* To do
Copy exactly the line containing "Assassino Pietro Capítulo 141 Página 23" and all lines after it, through the last line of the material below; omit everything before it.

* Information shown
========================================================================

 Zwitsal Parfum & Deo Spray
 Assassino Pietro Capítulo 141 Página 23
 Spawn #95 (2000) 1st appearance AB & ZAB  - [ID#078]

========================================================================

* Task output
 Assassino Pietro Capítulo 141 Página 23
 Spawn #95 (2000) 1st appearance AB & ZAB  - [ID#078]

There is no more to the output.